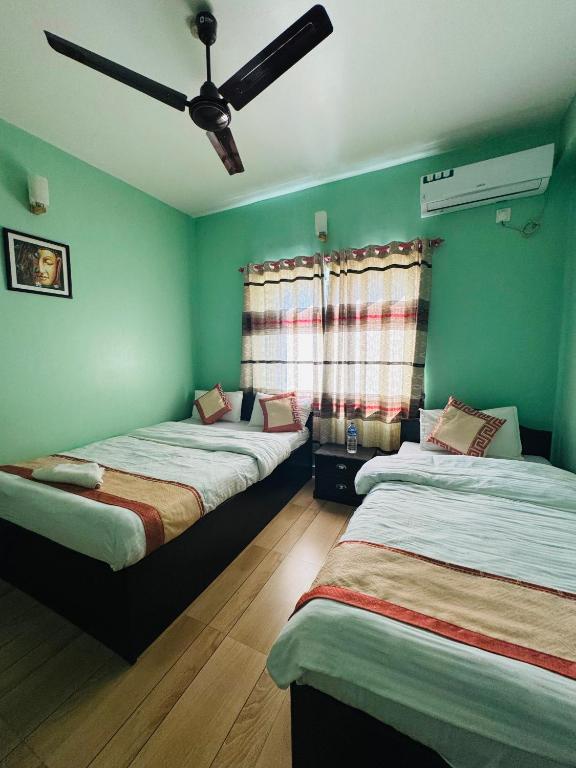 Llit o llits en una habitació de Hotel Pokhara Paradise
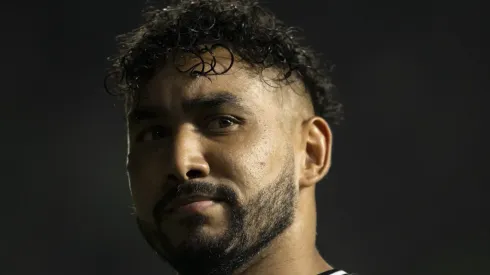 RJ - RIO DE JANEIRO - 29/06/2024 - BRASILEIRO A 2024, VASCO X BOTAFOGO - Payet jogador do Vasco sauda a torcida apos a partida contra o Botafogo no estadio Sao Januario pelo campeonato Brasileiro A 2024. `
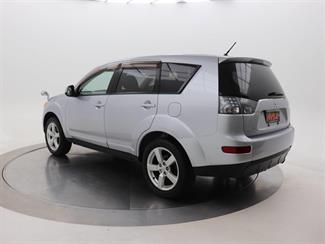 2007 Mitsubishi Outlander - Thumbnail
::::
Leaving the pictures out, write out all the material above exactly.

Worked solution:
 Llit o llits en una habitació de Hotel Pokhara Paradise
 RJ - RIO DE JANEIRO - 29/06/2024 - BRASILEIRO A 2024, VASCO X BOTAFOGO - Payet jogador do Vasco sauda a torcida apos a partida contra o Botafogo no estadio Sao Januario pelo campeonato Brasileiro A 2024. `
 2007 Mitsubishi Outlander - Thumbnail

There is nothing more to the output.